Unicode characters (UTF8-BOM) in TSV export samtools-flagstat-dp.tsv

I’ve been given a one-page html multiqc (v1.23) report and I exported the samtools-flags table as TSV. It looks like the output file is encoded as an unicode UTF-8-BOM file.

$ head -n1 samtools-flagstat-dp.tsv | cut -f1 |  file -
/dev/stdin: Unicode text, UTF-8 (with BOM) text

$ head -n1 samtools-flagstat-dp.tsv | cut -f1 |  hexdump -C
00000000  ef bb bf 53 61 6d 70 6c  65 0a                    |...Sample.|
0000000a

is it a bug or is it a feature :slight_smile: ?

EDIT: furthermore, it looks like the export function adds an extra trailing TAB in the data and R doesn’t like this

Asking because when I try to load the table in R, R ‘shifts’ the colums. I tried:

read.csv("samtools-flagstat-dp.tsv", header = TRUE, sep="\t", fileEncoding = "UTF-8-BOM"

Thanks.
P

I exported the samtools-flags table as TSV.

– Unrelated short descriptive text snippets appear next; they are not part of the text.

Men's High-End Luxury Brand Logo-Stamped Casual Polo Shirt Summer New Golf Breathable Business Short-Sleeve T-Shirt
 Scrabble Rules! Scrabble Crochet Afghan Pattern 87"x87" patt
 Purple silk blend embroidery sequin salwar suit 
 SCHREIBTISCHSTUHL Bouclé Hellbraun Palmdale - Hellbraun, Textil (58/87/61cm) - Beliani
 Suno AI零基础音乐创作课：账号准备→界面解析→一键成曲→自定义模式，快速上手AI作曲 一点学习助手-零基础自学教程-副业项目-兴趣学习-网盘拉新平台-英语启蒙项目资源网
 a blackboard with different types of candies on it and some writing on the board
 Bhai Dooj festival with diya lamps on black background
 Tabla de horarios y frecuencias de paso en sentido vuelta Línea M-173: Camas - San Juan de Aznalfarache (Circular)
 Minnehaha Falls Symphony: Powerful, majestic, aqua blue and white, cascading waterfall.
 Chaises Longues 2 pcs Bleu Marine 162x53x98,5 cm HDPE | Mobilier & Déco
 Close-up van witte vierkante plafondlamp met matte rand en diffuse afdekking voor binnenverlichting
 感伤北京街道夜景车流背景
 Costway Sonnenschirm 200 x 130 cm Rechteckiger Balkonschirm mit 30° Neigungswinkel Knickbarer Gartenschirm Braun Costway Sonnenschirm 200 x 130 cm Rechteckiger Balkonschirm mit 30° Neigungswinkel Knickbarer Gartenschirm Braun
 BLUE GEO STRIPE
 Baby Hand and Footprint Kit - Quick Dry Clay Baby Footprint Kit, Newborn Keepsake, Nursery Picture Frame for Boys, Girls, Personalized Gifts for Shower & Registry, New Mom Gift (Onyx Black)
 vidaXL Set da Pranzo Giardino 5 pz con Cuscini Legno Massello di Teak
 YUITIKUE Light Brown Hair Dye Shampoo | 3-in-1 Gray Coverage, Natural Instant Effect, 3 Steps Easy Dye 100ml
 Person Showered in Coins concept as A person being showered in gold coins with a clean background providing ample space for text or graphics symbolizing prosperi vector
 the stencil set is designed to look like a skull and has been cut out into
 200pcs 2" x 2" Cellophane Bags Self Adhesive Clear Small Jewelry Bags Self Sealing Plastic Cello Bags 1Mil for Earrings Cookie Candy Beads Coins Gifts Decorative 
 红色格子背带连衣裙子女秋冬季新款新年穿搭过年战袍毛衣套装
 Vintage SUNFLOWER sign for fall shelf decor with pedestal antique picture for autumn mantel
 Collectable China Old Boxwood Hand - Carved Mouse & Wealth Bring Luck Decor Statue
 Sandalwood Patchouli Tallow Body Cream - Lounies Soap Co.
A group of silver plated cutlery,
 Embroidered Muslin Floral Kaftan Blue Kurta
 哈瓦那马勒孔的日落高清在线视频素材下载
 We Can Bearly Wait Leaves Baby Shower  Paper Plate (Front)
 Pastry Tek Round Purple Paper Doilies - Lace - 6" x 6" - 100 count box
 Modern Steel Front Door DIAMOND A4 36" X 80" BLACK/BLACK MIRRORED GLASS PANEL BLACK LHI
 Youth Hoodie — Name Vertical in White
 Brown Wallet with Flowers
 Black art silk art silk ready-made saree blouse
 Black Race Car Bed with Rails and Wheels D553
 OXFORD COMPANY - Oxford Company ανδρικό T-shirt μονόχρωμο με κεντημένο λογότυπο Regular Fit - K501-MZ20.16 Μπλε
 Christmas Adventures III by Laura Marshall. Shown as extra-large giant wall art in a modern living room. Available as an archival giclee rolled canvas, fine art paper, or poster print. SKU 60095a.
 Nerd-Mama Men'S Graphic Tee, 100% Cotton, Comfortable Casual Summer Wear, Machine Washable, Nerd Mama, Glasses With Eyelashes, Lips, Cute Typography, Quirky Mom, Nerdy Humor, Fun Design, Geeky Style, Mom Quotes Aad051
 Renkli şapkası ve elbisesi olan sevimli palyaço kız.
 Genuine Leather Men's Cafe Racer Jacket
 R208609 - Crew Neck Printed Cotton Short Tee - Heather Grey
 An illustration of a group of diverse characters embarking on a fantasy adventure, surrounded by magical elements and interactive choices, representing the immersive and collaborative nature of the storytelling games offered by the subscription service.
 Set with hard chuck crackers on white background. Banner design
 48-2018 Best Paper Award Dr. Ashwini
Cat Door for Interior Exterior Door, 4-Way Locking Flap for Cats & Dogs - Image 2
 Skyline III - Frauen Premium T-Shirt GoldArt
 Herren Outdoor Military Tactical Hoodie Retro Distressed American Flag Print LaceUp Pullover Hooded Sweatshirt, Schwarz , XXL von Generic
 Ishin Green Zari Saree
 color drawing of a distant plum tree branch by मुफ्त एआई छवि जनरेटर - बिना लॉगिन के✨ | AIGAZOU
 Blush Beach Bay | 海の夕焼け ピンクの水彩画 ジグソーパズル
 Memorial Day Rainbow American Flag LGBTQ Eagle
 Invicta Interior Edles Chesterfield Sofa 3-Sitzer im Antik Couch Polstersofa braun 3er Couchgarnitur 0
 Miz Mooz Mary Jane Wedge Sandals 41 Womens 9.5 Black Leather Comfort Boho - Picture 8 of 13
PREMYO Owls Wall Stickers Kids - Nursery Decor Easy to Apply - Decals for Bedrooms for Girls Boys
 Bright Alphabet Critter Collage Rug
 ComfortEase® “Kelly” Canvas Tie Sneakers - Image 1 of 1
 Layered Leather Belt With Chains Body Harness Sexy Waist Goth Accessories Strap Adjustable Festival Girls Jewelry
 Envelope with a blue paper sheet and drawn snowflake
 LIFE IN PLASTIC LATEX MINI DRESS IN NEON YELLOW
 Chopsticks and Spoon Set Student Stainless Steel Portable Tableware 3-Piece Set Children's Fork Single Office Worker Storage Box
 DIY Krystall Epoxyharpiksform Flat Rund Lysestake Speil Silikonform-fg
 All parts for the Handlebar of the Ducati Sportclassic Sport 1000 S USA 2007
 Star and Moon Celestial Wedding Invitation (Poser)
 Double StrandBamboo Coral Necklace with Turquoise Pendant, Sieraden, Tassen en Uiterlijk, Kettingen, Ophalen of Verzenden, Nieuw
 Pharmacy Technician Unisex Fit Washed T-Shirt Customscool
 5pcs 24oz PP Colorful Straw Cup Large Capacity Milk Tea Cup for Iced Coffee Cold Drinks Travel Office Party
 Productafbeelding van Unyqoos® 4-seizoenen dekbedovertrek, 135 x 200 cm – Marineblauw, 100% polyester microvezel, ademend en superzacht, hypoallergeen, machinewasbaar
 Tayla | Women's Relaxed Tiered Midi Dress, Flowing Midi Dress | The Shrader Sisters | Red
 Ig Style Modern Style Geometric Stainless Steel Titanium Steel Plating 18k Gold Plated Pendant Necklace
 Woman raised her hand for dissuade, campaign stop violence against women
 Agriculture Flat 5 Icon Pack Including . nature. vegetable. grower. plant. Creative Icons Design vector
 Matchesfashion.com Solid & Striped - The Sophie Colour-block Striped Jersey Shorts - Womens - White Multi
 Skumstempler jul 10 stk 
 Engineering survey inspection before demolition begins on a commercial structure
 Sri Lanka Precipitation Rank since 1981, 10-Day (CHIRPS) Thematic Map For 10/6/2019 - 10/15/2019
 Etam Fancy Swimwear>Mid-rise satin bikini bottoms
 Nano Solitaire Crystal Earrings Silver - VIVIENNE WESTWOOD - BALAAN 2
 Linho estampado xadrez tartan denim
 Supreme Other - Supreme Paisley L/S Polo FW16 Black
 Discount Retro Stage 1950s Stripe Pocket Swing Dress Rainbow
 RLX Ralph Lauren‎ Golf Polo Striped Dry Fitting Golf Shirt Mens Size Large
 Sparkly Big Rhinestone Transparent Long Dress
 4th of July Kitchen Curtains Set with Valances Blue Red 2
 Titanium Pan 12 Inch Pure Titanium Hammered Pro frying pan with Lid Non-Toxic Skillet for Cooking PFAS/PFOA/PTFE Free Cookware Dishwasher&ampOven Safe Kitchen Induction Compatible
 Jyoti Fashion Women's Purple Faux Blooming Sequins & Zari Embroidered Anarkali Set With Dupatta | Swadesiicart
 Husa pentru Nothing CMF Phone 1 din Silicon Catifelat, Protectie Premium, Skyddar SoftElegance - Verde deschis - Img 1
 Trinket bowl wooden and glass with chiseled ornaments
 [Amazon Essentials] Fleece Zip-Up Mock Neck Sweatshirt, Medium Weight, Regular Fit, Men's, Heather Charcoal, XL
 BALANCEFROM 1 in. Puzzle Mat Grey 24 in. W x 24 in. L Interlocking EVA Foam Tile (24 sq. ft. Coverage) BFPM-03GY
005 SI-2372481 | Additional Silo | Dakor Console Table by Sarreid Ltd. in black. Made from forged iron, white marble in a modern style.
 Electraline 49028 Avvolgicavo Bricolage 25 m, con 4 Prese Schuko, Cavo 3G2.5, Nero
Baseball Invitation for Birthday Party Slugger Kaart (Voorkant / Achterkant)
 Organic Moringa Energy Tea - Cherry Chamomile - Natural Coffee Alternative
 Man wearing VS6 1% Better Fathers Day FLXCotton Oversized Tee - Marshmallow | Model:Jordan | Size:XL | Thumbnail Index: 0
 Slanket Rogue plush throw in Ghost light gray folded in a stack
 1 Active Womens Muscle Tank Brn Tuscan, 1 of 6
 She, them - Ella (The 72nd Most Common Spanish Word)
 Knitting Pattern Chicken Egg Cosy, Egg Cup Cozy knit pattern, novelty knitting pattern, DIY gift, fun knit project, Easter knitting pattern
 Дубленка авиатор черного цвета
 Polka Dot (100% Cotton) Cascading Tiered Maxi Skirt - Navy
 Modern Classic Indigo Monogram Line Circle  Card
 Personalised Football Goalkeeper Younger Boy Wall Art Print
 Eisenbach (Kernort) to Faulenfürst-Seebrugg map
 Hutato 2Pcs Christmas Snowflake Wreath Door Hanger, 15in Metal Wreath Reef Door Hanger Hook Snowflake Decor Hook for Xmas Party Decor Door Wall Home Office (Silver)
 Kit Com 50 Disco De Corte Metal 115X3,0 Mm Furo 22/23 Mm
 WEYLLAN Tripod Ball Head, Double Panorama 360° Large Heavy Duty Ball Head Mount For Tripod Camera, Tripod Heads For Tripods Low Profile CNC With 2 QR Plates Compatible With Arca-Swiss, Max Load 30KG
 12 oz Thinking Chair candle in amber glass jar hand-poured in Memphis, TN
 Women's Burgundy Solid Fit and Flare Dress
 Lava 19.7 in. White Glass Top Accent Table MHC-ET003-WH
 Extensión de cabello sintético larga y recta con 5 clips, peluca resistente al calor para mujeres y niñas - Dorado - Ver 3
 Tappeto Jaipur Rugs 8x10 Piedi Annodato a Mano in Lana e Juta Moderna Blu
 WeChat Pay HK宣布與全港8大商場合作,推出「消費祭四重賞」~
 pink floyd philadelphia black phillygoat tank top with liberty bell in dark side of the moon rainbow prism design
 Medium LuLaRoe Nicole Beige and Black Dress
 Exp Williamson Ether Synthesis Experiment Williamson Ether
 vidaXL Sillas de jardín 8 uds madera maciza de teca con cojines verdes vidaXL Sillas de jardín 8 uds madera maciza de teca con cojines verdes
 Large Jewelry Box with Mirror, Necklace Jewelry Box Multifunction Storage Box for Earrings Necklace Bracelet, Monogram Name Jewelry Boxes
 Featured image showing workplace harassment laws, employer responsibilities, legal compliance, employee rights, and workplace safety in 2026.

Can you elaborate on this please? Exported from the report toolbox? Or copied to the clipboard? Do you have an example report?

It looks like the output file is encoded as an unicode UTF-8-BOM file.

The code exports from the toolbox as UTF-8, so that part is expected. Is that a problem?

It looks like the export function adds an extra trailing TAB in the data

That’s unexpected, but I wasn’t able to track down where it might be coming from in a quick search… An example report to validate would help.